Just how green is the Internet? Going virtual has the potential to save significant amounts of energy, with a recent study predicting that Internet services could reduce carbon emissions by staggering 1 billion tons.
But look beyond the green hype, and the web has a dark secret – at the other end of your Internet cable, humming away, and hidden from sight, are thousands of energy hungry datacenters, running 24/7 and estimated to be using energy equivalent to all of the color televisions in the US. Worldwide datacenter energy usage has doubled since 2001 and is set to double again by 2011.
Google is today’s biggest datacenter operator, having more than twice the server capacity of any other firm in the world, but this could be set to change. The proposed merger of Microsoft and Yahoo would create a rival Internet giant with similarly huge capacity, creating new competition at many different levels.
The start of green competition?
Aware of their environmental footprint, Google launched a massive renewable energy investment program last year, making Google one of the most eco-friendly destinations on the web. So how green is Micro-Yahoo-Soft in comparison? Could the new web giants start competing not only for web users, but also for carbon credits? And how might these champions of technological innovation shape the future of green computing?
Both Google and Microsoft have large solar power installations. Producing enough electricity to power 1,000 homes each, these installations provide a significant amount of the power used by their respective research and development campuses.

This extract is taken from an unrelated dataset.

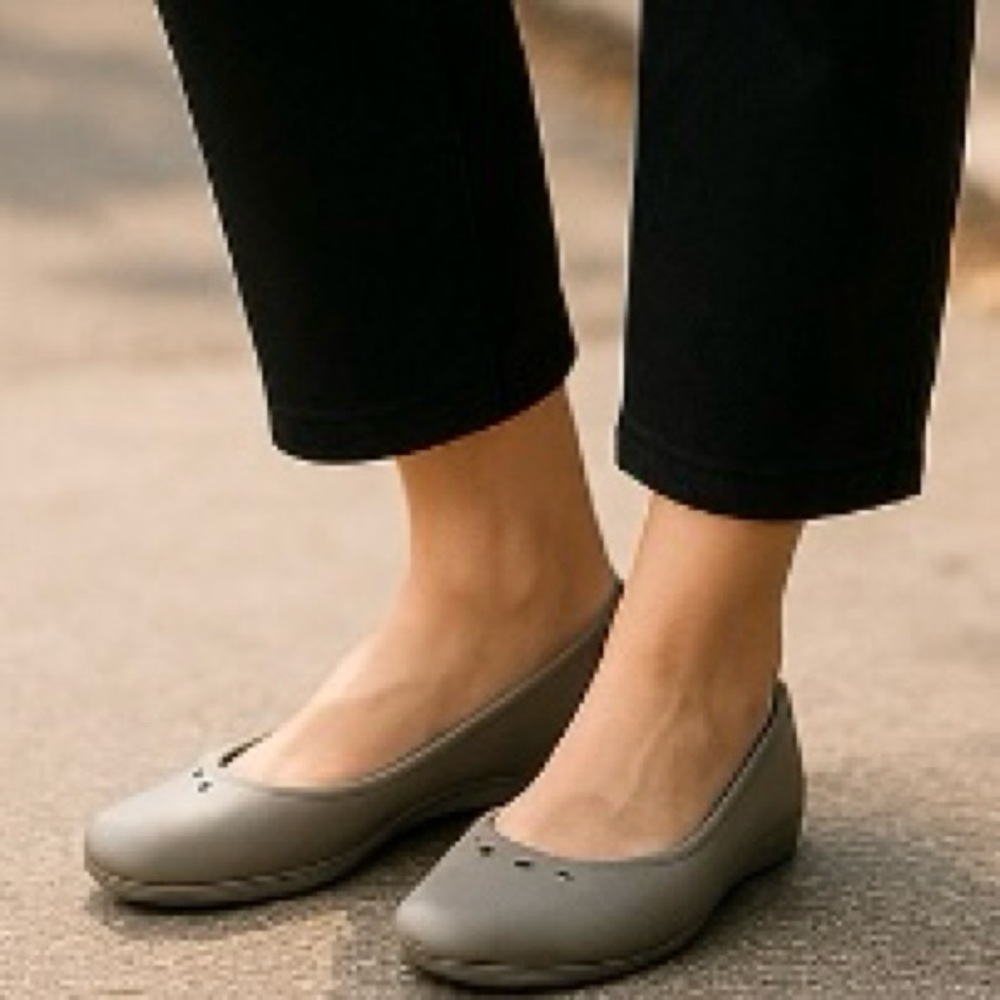 CROCS Women’s Size 8 Light Gray Ballerina Slip On Flats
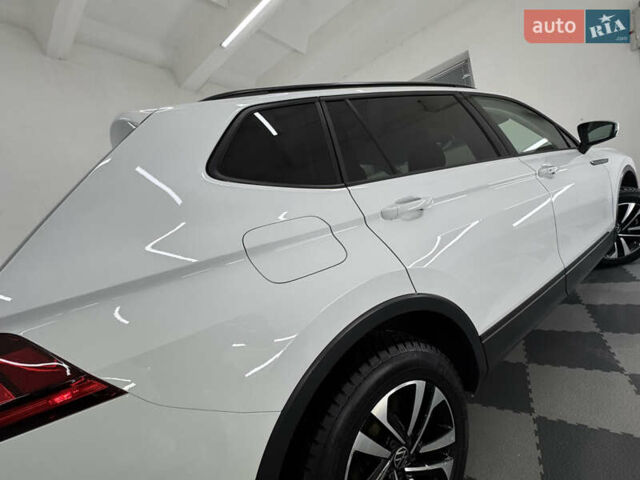 Белый Фольксваген Tiguan Allspace, объемом двигателя 2 л и пробегом 86 тыс. км за 25499 $, фото 87 на Automoto.ua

New datacenters will be opened by Yahoo and Microsoft later this year. By using wind and hydro-electric energy supplies, these new facilities will be fully carbon neutral, with emissions from Yahoo’s older centers being offset through carbon trading schemes.
Google’s 25 datacenters around the world are powered by conventional electricity supplies, although like Yahoo, Google offset these emissions making them effectively carbon neutral. Google are also working on a secret and extremely powerful mega-datacenter, also to be powered by carbon free hydro-electric energy. To reduce their dependence on carbon offsets in the future Google is actively developing new zero carbon technology through its RE<C program.
In comparison to a standard datacenter, Google’s can deliver the same computer power using half the energy through the use of innovative power supplies and evaporative cooling technology. Google plan to share these developments with other firms through the Climate Savers Computing initiative launched jointly with Microsoft last year.
At the same time, Microsoft has been doing its part to reduce amps in the datacenter. New technologies such as virtualization and improved system power management have been developed within Microsoft’s latest server operating systems – improvements which not only reduce Microsoft’s own impacts, but those of its customers around the world. Disappointingly, Yahoo is less active in this area and do not claim any specific efficiency achievements.
Employing well over 100,000 people between them, these high-tech firms have high-tech buildings to ensure that their vast amounts of office space has a minimal impact on the environment.
All of the latest eco-buzzwords can be found in Microsoft, Yahoo and Google building descriptions: high-efficiency lighting, optimized use of natural light, advanced building temperature control systems, rainwater recycling, advanced insulation technologies, extensive use of sustainable materials, and and and…
Future green research
In addition to its RE<C program, Google is also making a number of additional investments in smaller firms to support clean energy research. With less cash to throw around, Yahoo is again in third place, although Microsoft has pledged over half a billion dollars towards the development of clean energy technology in the coming years.
So who’s the winner?
Ultimately, we are all likely to be winners. Google is the boldest player, underlining its status as an innovator by stating ambitious goals for eco technology development. Microsoft and Yahoo also have thoroughly green credentials, although Yahoo misses out on the really big investments due to its smaller size.
However, a Microsoft / Yahoo merger provides a significant opportunity – the creation of an on-line giant to rival Google, underpinned by Microsoft’s vast financial resources has the potential to create real competition. Competition not only to provide the best Internet search and on-line applications, but to also provide the greenest destinations on the Net, and to develop the technology that can make the whole web truly green.